Source records:

*** Begin section ***

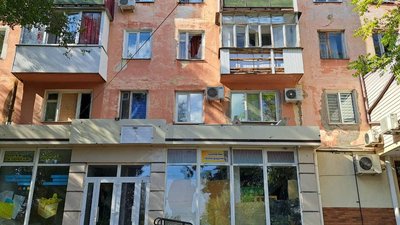 Російська армія обстріляла Херсон: поранений чоловік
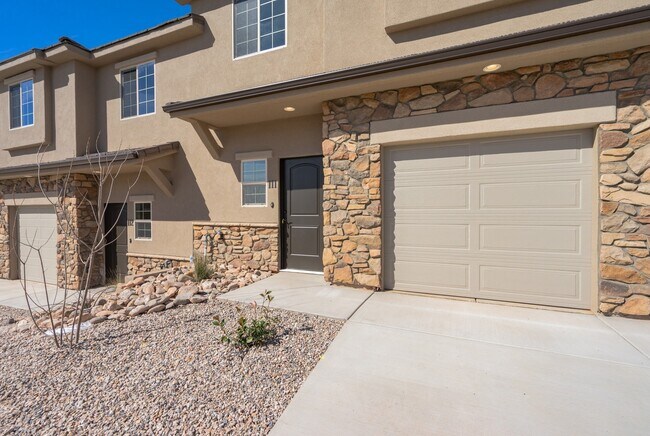 Building Photo - Comfortable Townhome Living with Pool Access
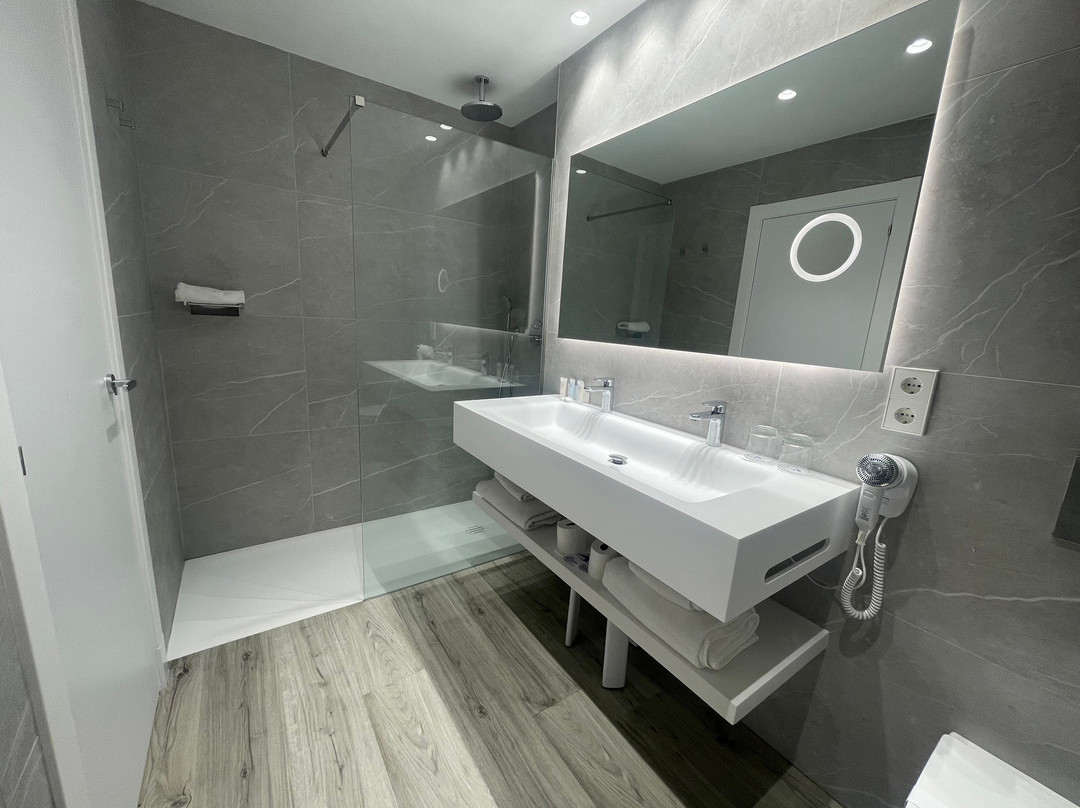 阿尔布菲拉酒店主图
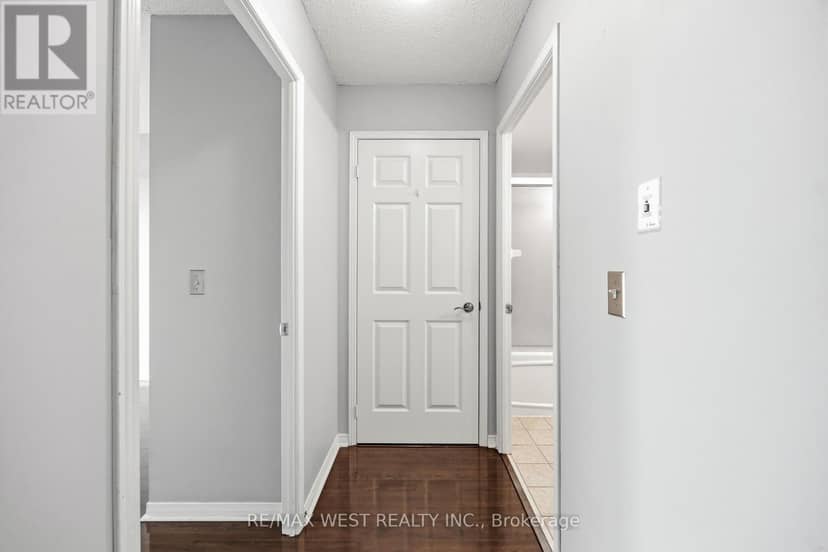 809 - 15 Michael Power Place — photo 33 of 40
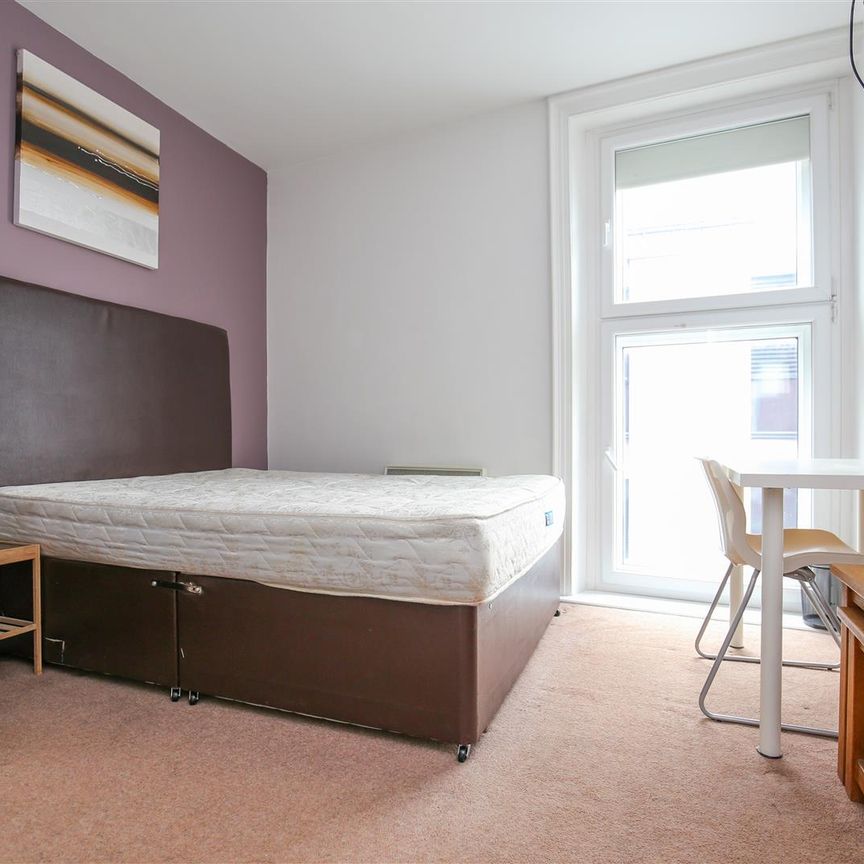 2 bed apartment to rent in Northumberland Street, City Centre, NE1 - Photo 1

*** End section ***

Task objective: What is needed is an exact repeat of only the lines from the one containing "Building Photo - Comfortable" through the last line of the listing above, both ends included, without the pictures.

Exercise result:
 Building Photo - Comfortable Townhome Living with Pool Access
 阿尔布菲拉酒店主图
 809 - 15 Michael Power Place — photo 33 of 40
 2 bed apartment to rent in Northumberland Street, City Centre, NE1 - Photo 1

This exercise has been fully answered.